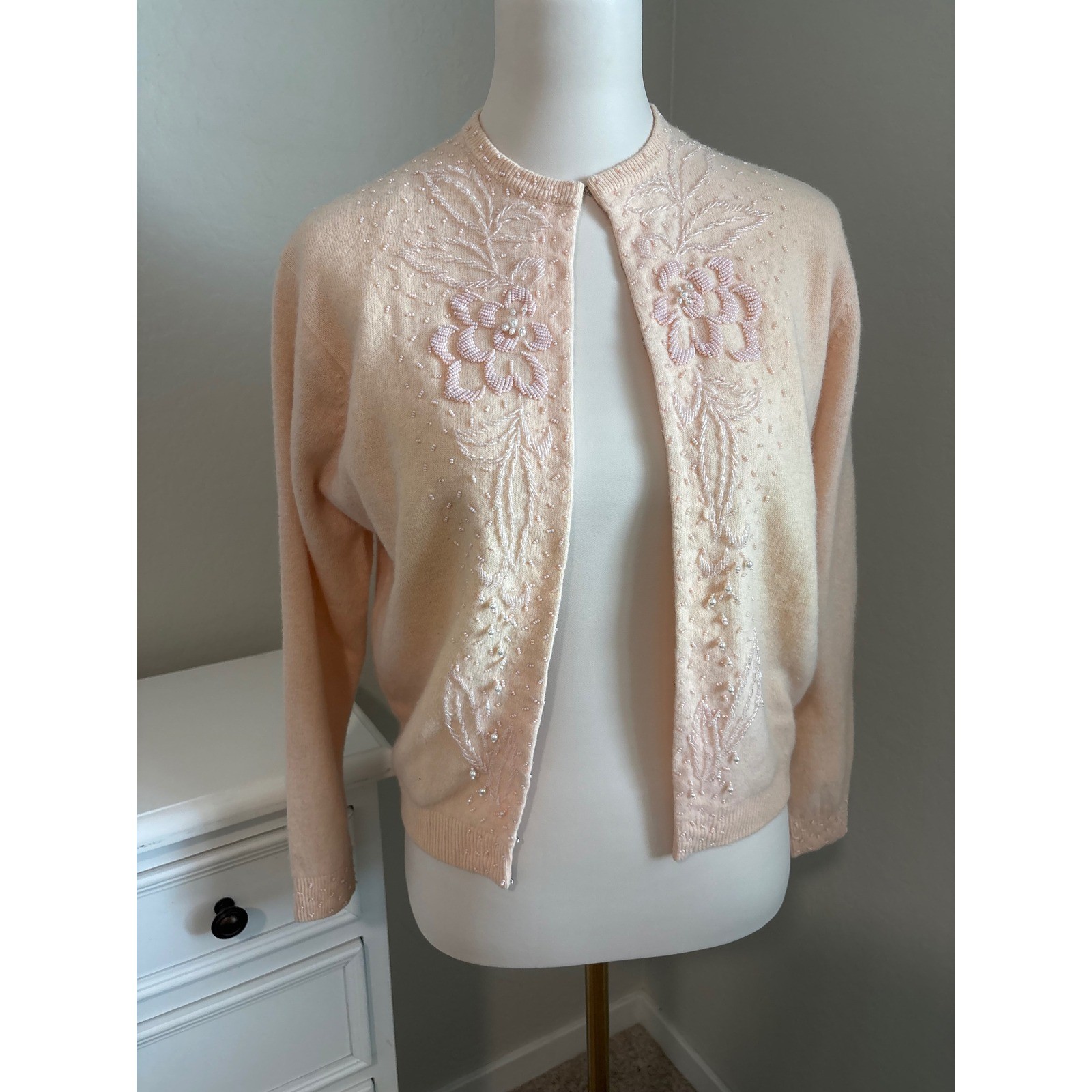 Vintage Robinsons Peach Lambswool/Angora Rabbit fur Beaded Cardigan Hong Kong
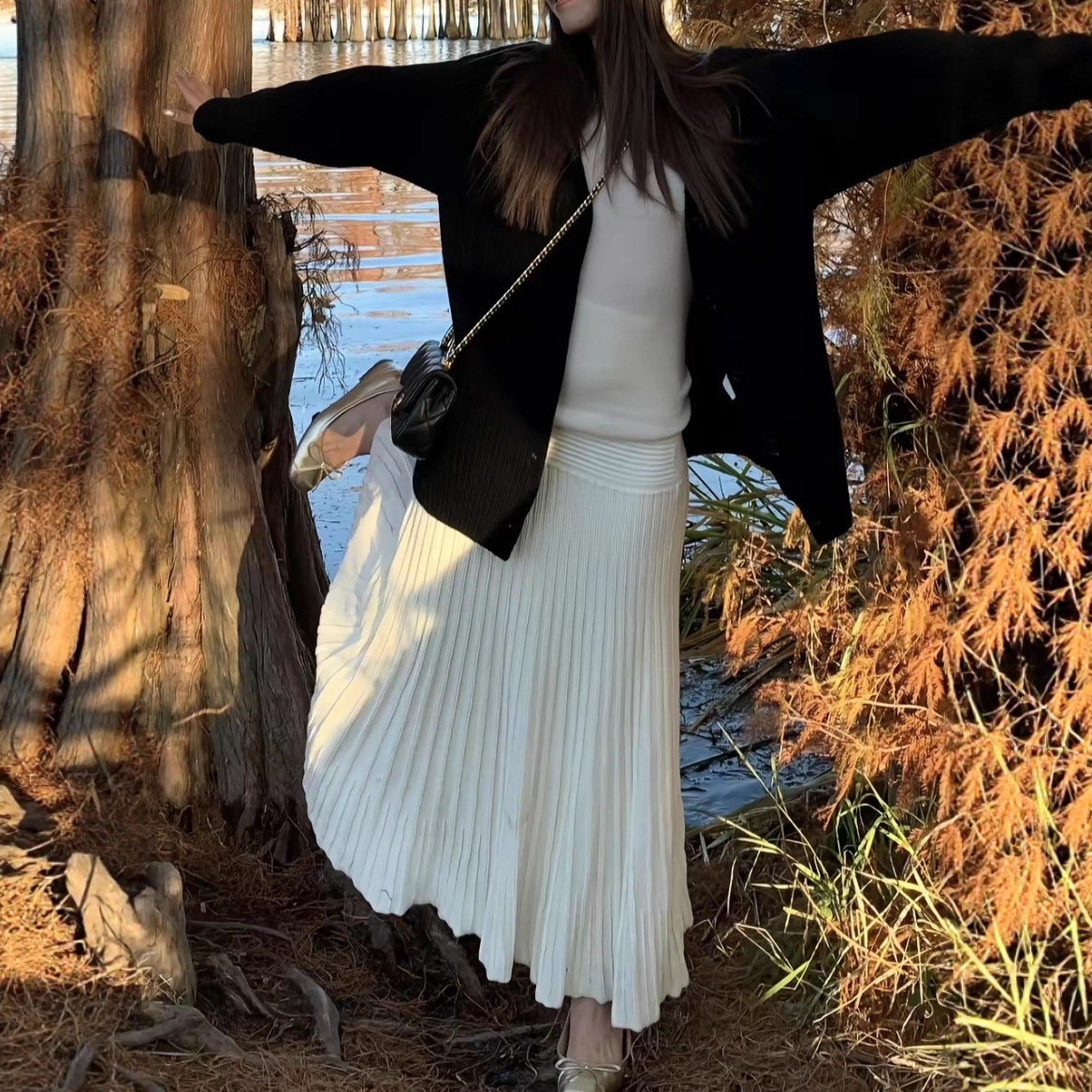 Matte Waxy Milk Yellow Knitted Skirt Fishtail Skirt Autumn and Winter 2025 New Thickeneded Mid-Length Skirt for Women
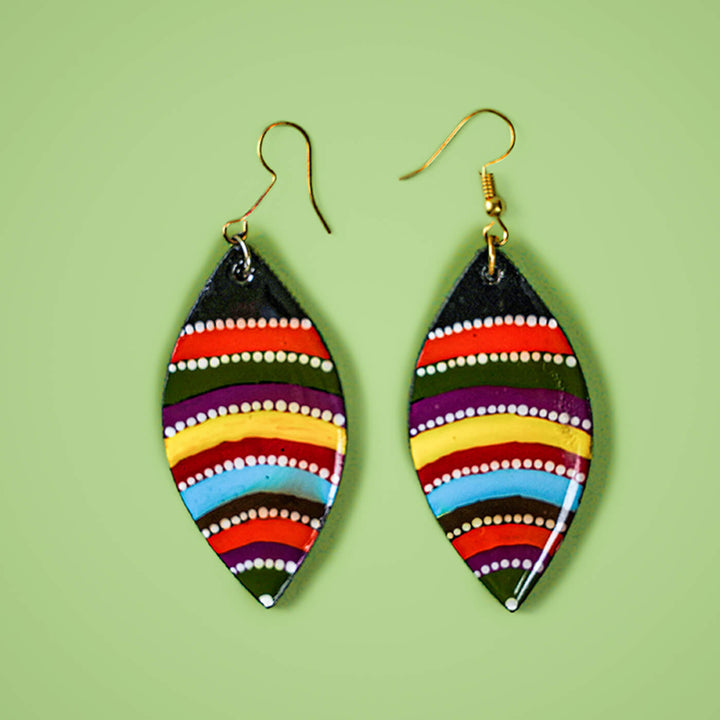 Rainbow Oval Dot Art Mandala Earrings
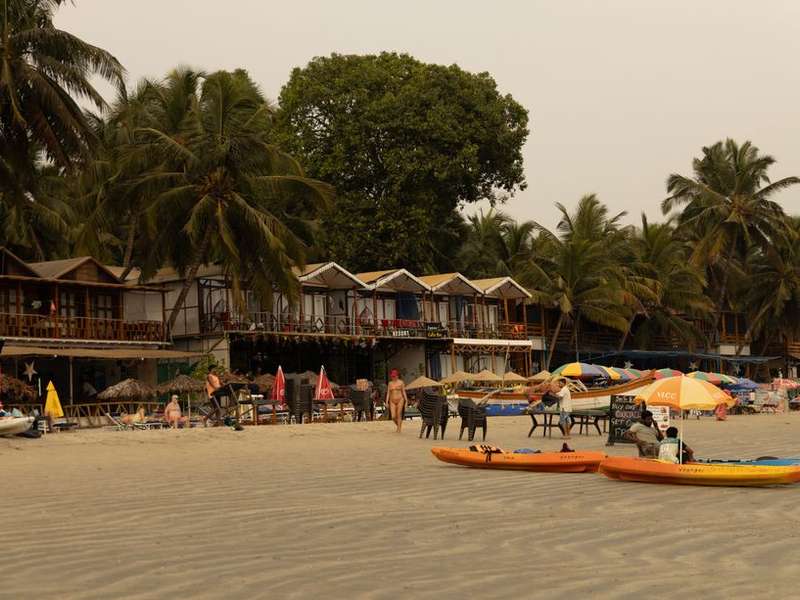 Beach shacks and kayaks under coconut palms on the sand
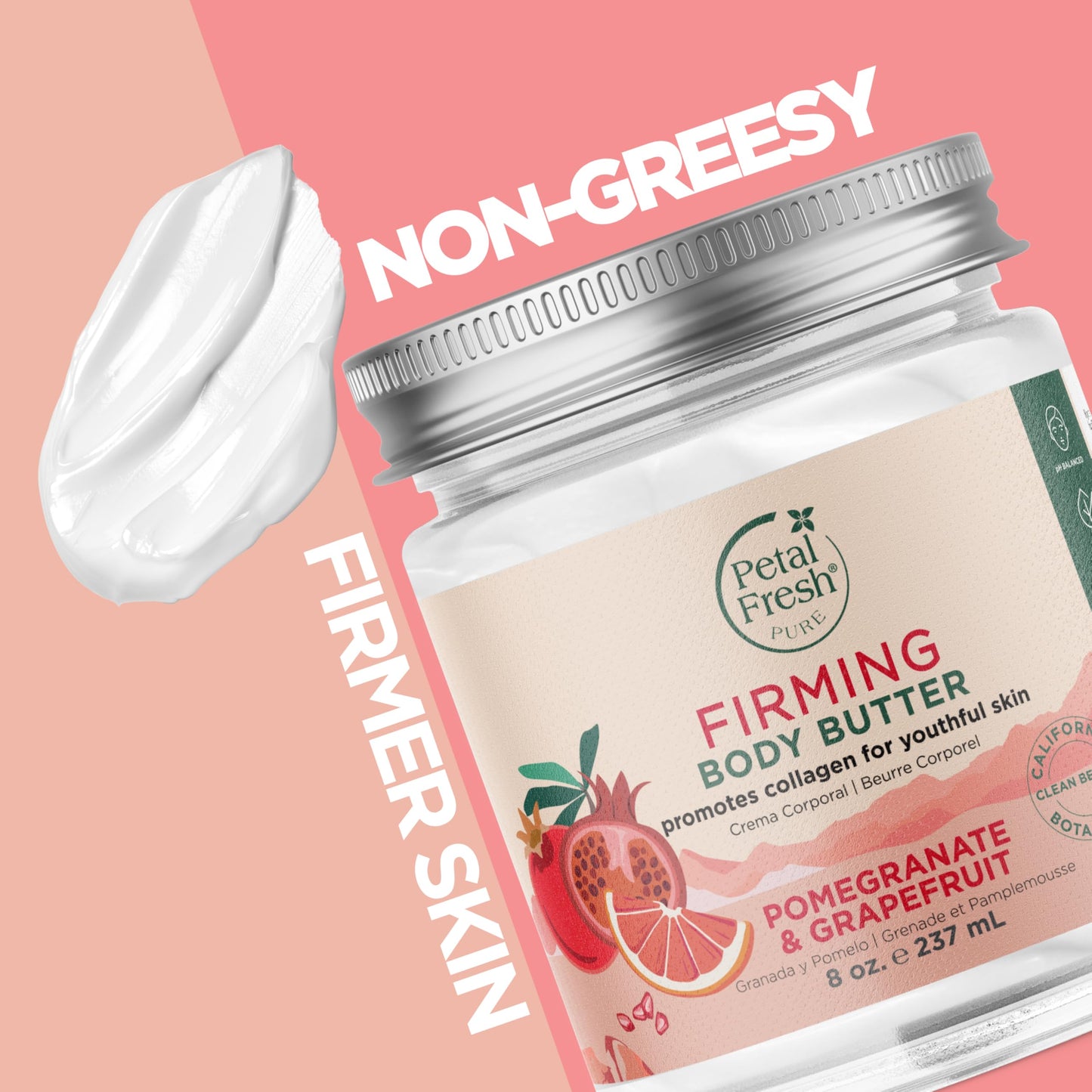 Petal Fresh Pure Perfecting Guava Nectar Body Butter, Organic Coconut Oil, Argan Oil, Shea Butter, Promotes Healthy Skin, Vegan and Cruelty Free, 8 oz (Guava Nectar)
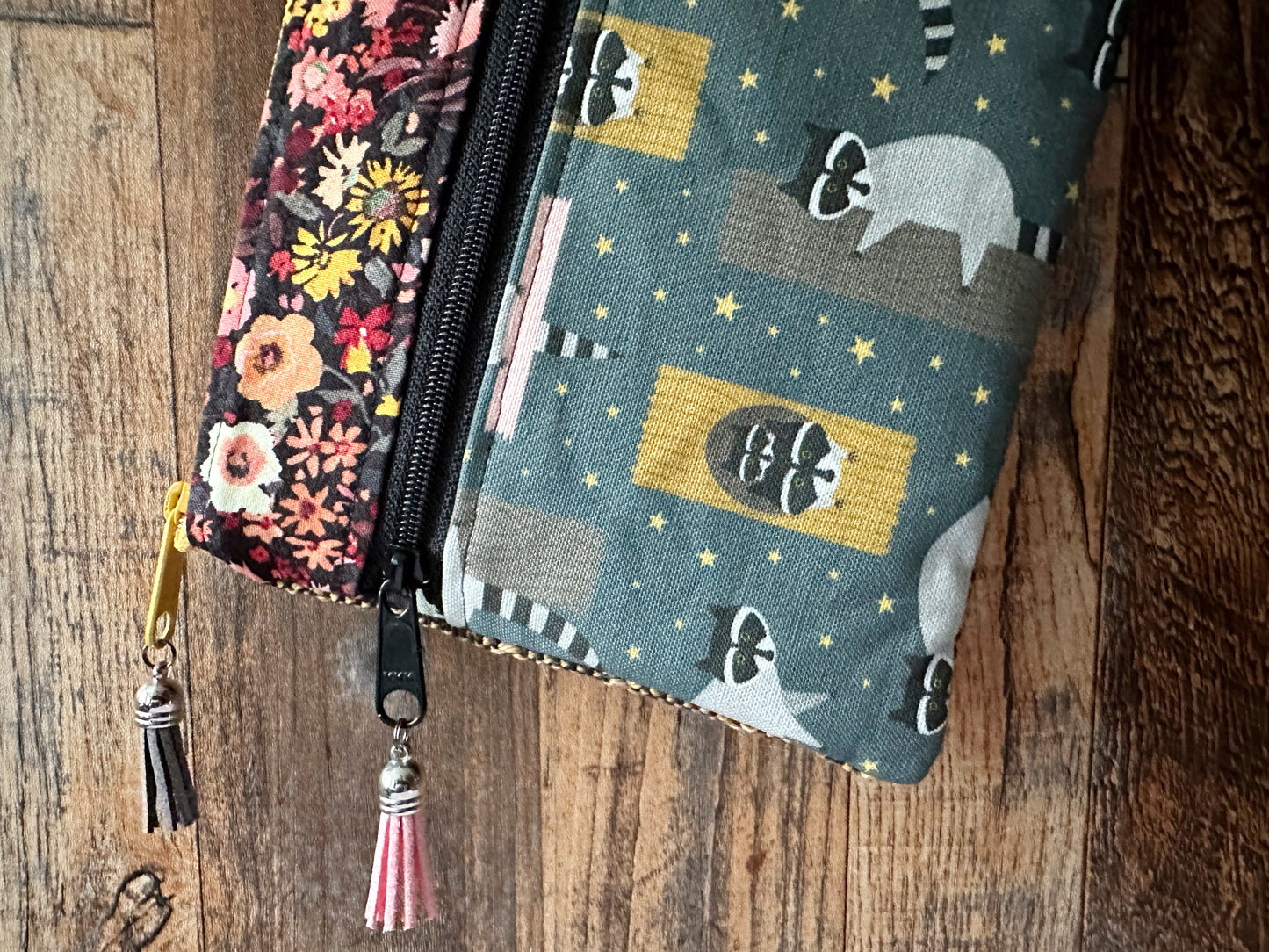 Trash Pandas Double Zipper Pouch ~ Raccoons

::::

**EXERCISE INSTRUCTIONS**
What the response needs is every entry, repeated exactly, and none of the pictures.

**RESPONSE AREA**
 Vintage Robinsons Peach Lambswool/Angora Rabbit fur Beaded Cardigan Hong Kong
 Matte Waxy Milk Yellow Knitted Skirt Fishtail Skirt Autumn and Winter 2025 New Thickeneded Mid-Length Skirt for Women
 Rainbow Oval Dot Art Mandala Earrings
 Beach shacks and kayaks under coconut palms on the sand
 Petal Fresh Pure Perfecting Guava Nectar Body Butter, Organic Coconut Oil, Argan Oil, Shea Butter, Promotes Healthy Skin, Vegan and Cruelty Free, 8 oz (Guava Nectar)
 Trash Pandas Double Zipper Pouch ~ Raccoons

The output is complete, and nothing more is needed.